El ex-presidente Aznar reivindicando su derecho a conducir a toda pastilla y borracho como una mona "mientras no poga en peligro a nadie"
Desde hace unos meses, vengo dándole vueltas a una idea que se nos está metiendo en la cabeza como si fuera verdad o parte de la naturaleza básica de la palabra, de su definición ética y consensuada, pero a la que, creo, debemos darle un par de vueltas antes de dejar que esa nueva interpretación se asiente en nuestras neuronas, que luego no hay forma de sacarla de allí.
Con motivo de las limitaciones a la ingesta de alcohol para poder conducir, de la obligatoriedad de llevar cinturón en el coche y casco en la moto, o de la previsible prohibición del consumo de tabaco en lugares comunes, se viene oyendo la reivindicación de la libertad individual como paradigma equivalente al “no me diga Vd. lo que tengo que hacer, que ya soy mayorcito”.
Es un discurso que empieza a quedar bien e incluso “moderno”, que aporta un cierto componente romántico de rebeldía frente al poder; de ser ajeno al estado –sueño muy español – y asumir las consecuencias de nuestros actos como seres coherentes y morales, pero discrepo frontalmente de esos planteamientos, lo siento. Una de las invenciones, con las que se ha conseguido medio definir los límites de la libertad individual, es esa que afirmaba que “la libertad de cada uno termina donde empieza la de los demás”, algo con lo que todos, más o menos, hemos ido andando por la vida sin que nos haya ido demasiado mal. Ahora hay algunos que quieren quitar una parte importante de la frase y dejarla en algo parecido a “la libertad individual no acaba en ninguna parte, salvo en la voluntad del individuo por hacerla acabar”.

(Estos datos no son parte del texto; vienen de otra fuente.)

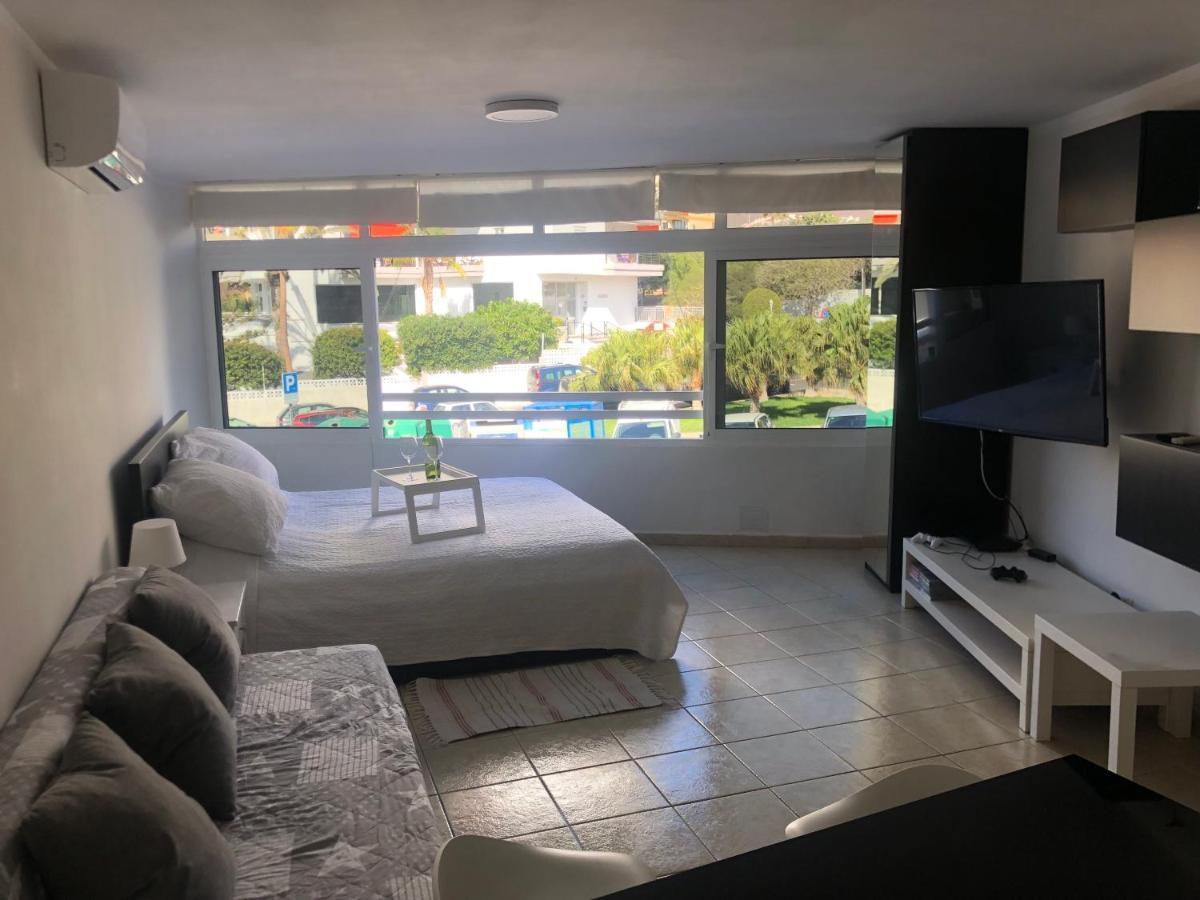 Studio Los Cristianos Beach Exterior foto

Un conductor borracho como un piojo no está ejerciendo ningún acto de libertad: está poniendo en peligro vidas ajenas y debe ser tratado como un delincuente. Alguien que no usa casco o cinturón de seguridad, está aumentando los costes médicos de su tratamiento que no sólo paga él, pues si fuera así, todavía podría entenderse que es libre el que se hace cargo de la factura del hospital derivada de su imbecilidad, pero no es el caso. Alguien que convierte un coche en un misil de baja cota que amenaza el tráfico a más de 200 por hora, no es un conductor habilidoso, no: es un peligro potencial para todos los que circulan por esa carretera. El fumador – hablo como ex fumador cuasi compulsivo – es tan libre como puede serlo un heroinómano y perjudica a los demás mucho más que éste, que mientras pueda “picarse” es el ser más inofensivo del mundo. Otra cosa es no pueda, pero sigue sin ser libre, que es de lo que hablamos ahora.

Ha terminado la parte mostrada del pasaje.